It seems the theme for Summer 2012 revolves around breaking through records. From the record-breaking temperatures here across the U.S., to the world-record performances across the Pond, people are taking notice.
However, some Americans and global Olympic watchers alike may not be as aware of the attempt to break from the record-setting handcuffs that have been placed on brands, athletes, and Olympics patrons by the London Organizing Committee of the Olympic Games.
As countries and countrymen across the globe have prepared themselves for the irreplaceable two-week span, the LOCOG will be keeping a close eye.
This year, the LOCOG has put into place a form of “Brand Police.” These “Police” are currently patrolling the shops and streets of London to try to prevent and punish any attempt at Guerilla marketing tactics by storeowners, athletes, and/or patrons. But seriously, Brand Police? It may seem justified, due to the recent value of the Olympics brand that Brand Finance has placed at $47.6 billion dollars. Coincidentally, worth more than all of its major sponsors—Coca-Cola, Acer, ATOS, Dow Chemical, General Electric, McDonalds, Omega, Panasonic, Proctor & Gamble, Samsung and Visa—combined. Ideally, what brand wouldn’t want a chance to take home a piece of that brand-exposure gold?
No one is excluded from this branding lockdown. Athletes are prohibited to publicly mention companies or products that are not sponsors, such as Nike. Not in press conferences, not on clothing, not on Twitter. For American track athlete, Nick Symmonds, his $11,000 “Hanson Dodge” tattoo was auctioned off as a promotional sponsor on his upper arm. Quite a high price, considering Symmonds is forced to cover the tattoo during his race and can only show it off during the few minutes before and after his one event.
The LOCOG has now risen above the expansion of branded entertainment in an attempt to reach a level that can contain it, if at all possible. Strict enforcement of rules and regulations are surrounding athletes and corporate brands at the Summer 2012 Olympics in London—some 300-plus enforcement “Police” are monitoring and reporting violations they see. This means that exclusive rights are being protected for the eleven “top-tier” sponsors mentioned above.

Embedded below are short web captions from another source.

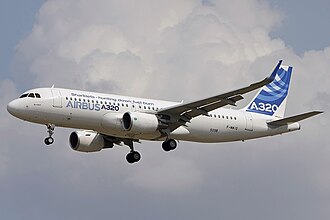 330px-Airbus_A320-214,_Airbus_Industrie_JP7617615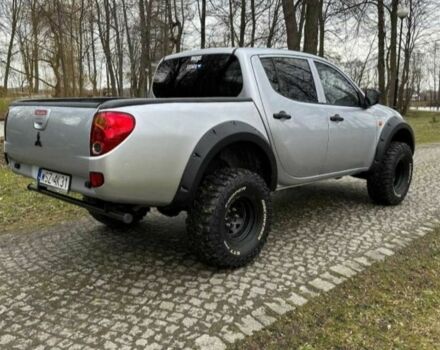 Серый Мицубиси Л 200, объемом двигателя 2.5 л и пробегом 215 тыс. км за 4200 $, фото 1 на Automoto.ua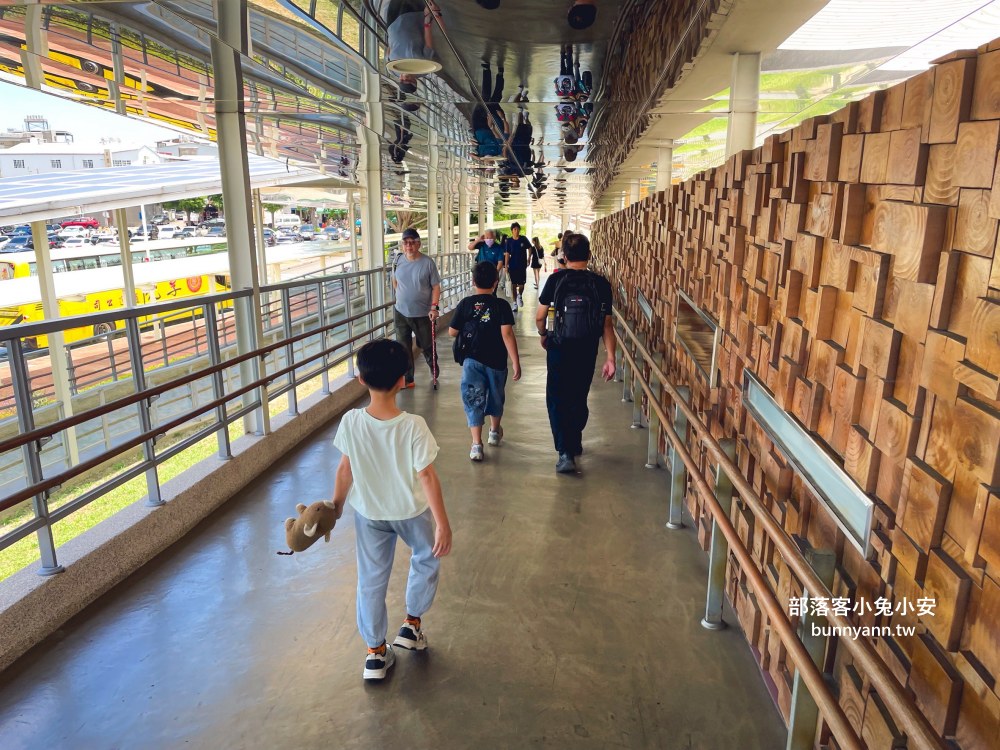 苗栗【苗栗火車頭園區】火車展館、搭小火車和貓咪館每項都好玩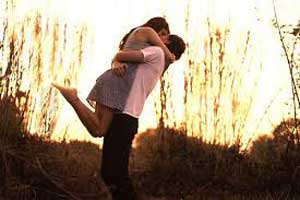 5. Peluklah dengan Mesra Seorang Istri Pada Pagi Hari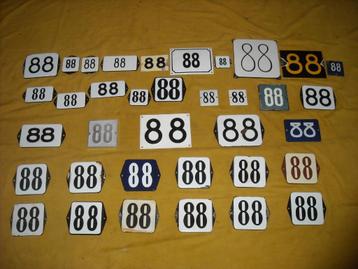 oud emaille huisnummer 88 ook 89 90 91 92 93 94 95 96 97 98 beschikbaar voor biedingen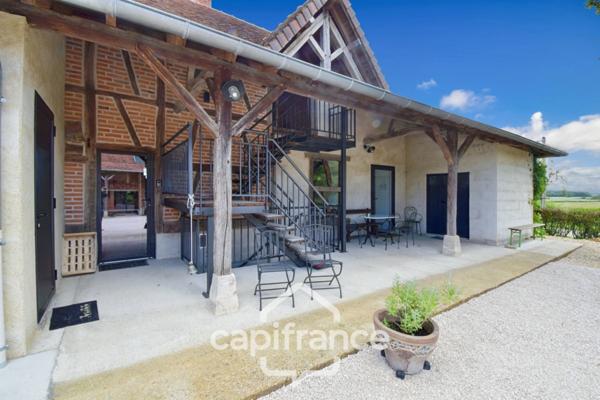 Dpt de SAONE ET LOIRE(71), à vendre MONTPONT EN BRESSE (71470) maison avec gîte et chambres d'hôtes P12 de 470 m² - Terrain de 4 374,00 m²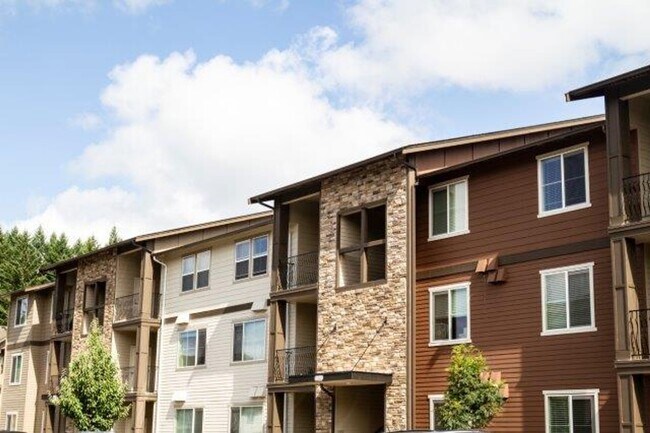 Building Photo - Beautiful 2 bedroom, super cute floorplan, laundry room with full size washer and dryer!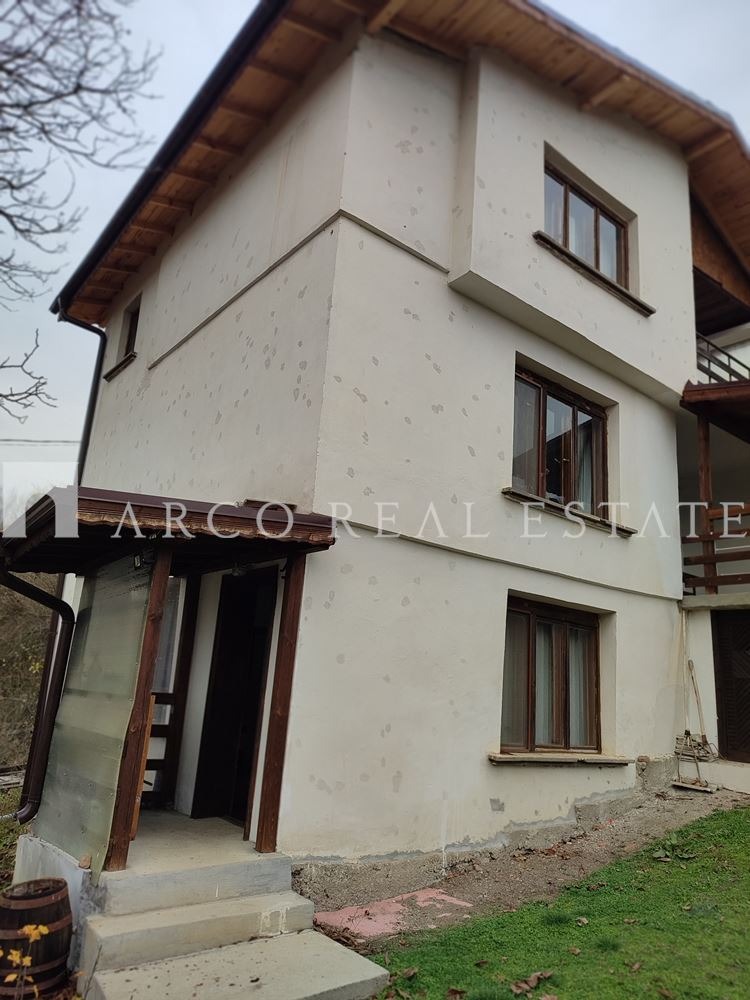 Продава КЪЩА, област Перник, с. Гърло • 95000 € / 185803.85 лв. • 67498146 1 — Holmes.bg Продава КЪЩА, област Перник, с. Гърло • 95000 € / 185803.85 лв. • 67498146 1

No big deal though, the price tag for a simple “top-tier” sponsorship is only around $100 million. And of course, there are also some 44 other “small” sponsorships like British Airways and Adidas that only had to pay a mere $65 million, roughly. Even with cash like that, they are not as fortunate as the major brands. The “smaller” brands are permitted, only, during designated times and within certain parameters. But everyone must be careful. If not properly granted rights and clearance, words like: “Olympics,” “2012,” gold,” “London,” “twenty twelve,” or “medals” have a chance of flagging the “Brand Police,” especially if two or more are in the same sentence. The “Brand Police” don’t write a simple, slap-on-the-wrist ticket either. For example, if an individual decides to walk around the Olympic village wearing a shirt that says Pepsi, how about a fine of $30,000? For spectators in London, stay clear of those in purple tops and hats.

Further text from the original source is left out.